The temper of the public mind is quite an important thing, for it is this elusive quality which makes or breaks governments and determines the characteristic spiritual color of a period. Many words have been wasted deciding just what this thing called public opinion is and how to find out where it is moving at any particular time--all to very little avail. Of recent years there has grown up an interesting barometer of opinion that, so far as I know, has attracted little attention. This is the common garden variety of movie, Genus Americans Ordinaris.
The American public wants to be amused 365 nights per year and, since there are not sufficient Mae Wests etc. to go around there must be a vast mass (or mess if you prefer) of plain movies. They tell a simple story: they point a simple moral; in short they provide an evening of passive satisfaction, of delicious mental abnegation. The box office receipts on these movies provide a vivid guide to the producer as to just what will satisfy the public at any given moment. What one finds in these productions gives an extraordinarily interesting and, I think, significant indication of what the public is thinking, for movies do not only detect the ideas of the public, but they also strongly accentuate already existing tendencies.
As the country drifts into its fourth year of depression, the public has taken seriously to wearing sackcloth and ashes. The current movies at the University Theatre indicate that this flagellation has become quite strong. In "The Power and the Glory" (showing today) we have the traditional American saga of the lowly working man rising from the ranks by diligence and effort to become President not only of one railroad but of many railroads. This has always been desirable, glorious, the aim of all true Americans. Yet in the movie it is analyzed closely to show that it is vicious, wicked, and ruinous to the happiness of the successful man. His life as a track walker was happy; his wife prodded him to ambition and success, which resulted only in unhappiness and suicide for both. This was not portrayed as a result of the characters of the two people, but as a result of their wealth, their success. The whole picture was full of revealed hypocrisy, of calculated greed and rottenness, of the iniquitous effect of wealth and Yale upon the second generation.

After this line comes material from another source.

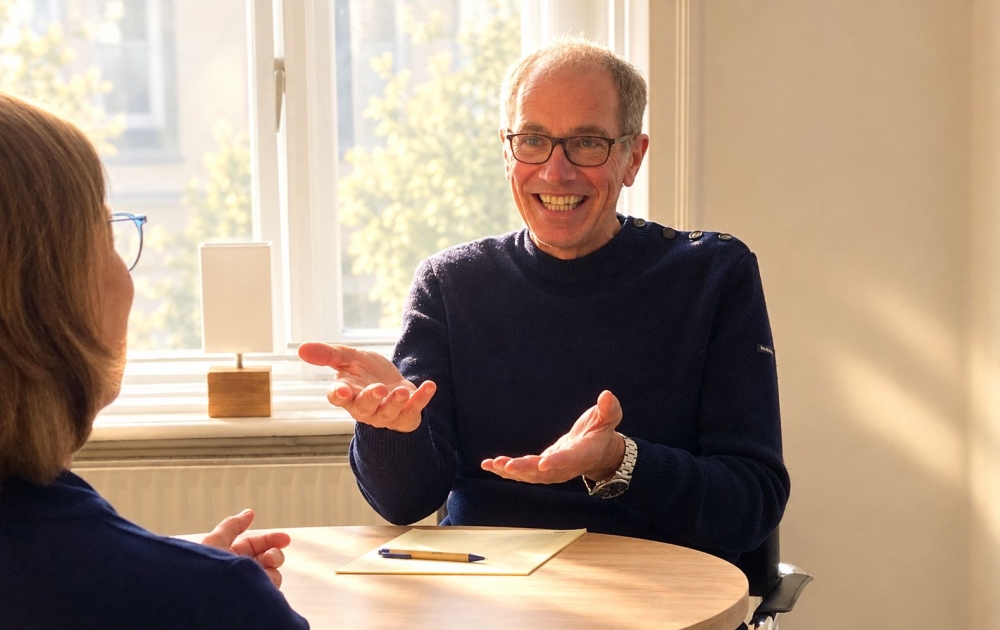 Arno Popert, Life Coach in Lübeck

The same thing holds true of last week's offering "The World Changes." The pioneer mother warns her son that money only leads to ruin, not happiness, but he goes on with his cattle business, in which he rises to be the big Chicago packer. He lived to see his wealth make his wife hate him and go mad, turn his sons into rotten social parasites, who uniformly come to a bad end and produce more children who are well on their way to an equally bad end. This same doleful tale was told in "He Loved a Woman," which was at the University a few weeks ago. It was a fused picture of the Armour rise and collapse and the Insull flasco. Always there is painted with vivid morbidity the panorama of where wealth collects and men decay.
The importance of all this cannot be overemphasized. America has been an expanding, jubilant, barbarically confident country, with a whole untouched continent to exploit. In this milieu the dominant fact was economic growth and amassing of wealth. Naturally this became the American ideal, most blatantly expressed by the American Magazine (properly named, indeed.) The movies early responded to this and provided the delectable pleasures of Park Avenue, the European resorts, and all that goes with them under a rosy hue. It was all represented as a glorious Paradise right here on earth.
Now all is gone. To be poor is to be happy. To be secure is to have everything. Wealth and position are not to be desired. Happiness is a more elusive thing and may be found right in anyone's modest cottage on the edge of Middletown. How deeply this Philosophy penetrates, how permanent it will be, I do not guess. It does seem to be, however, a dominant note today. TERTIUS.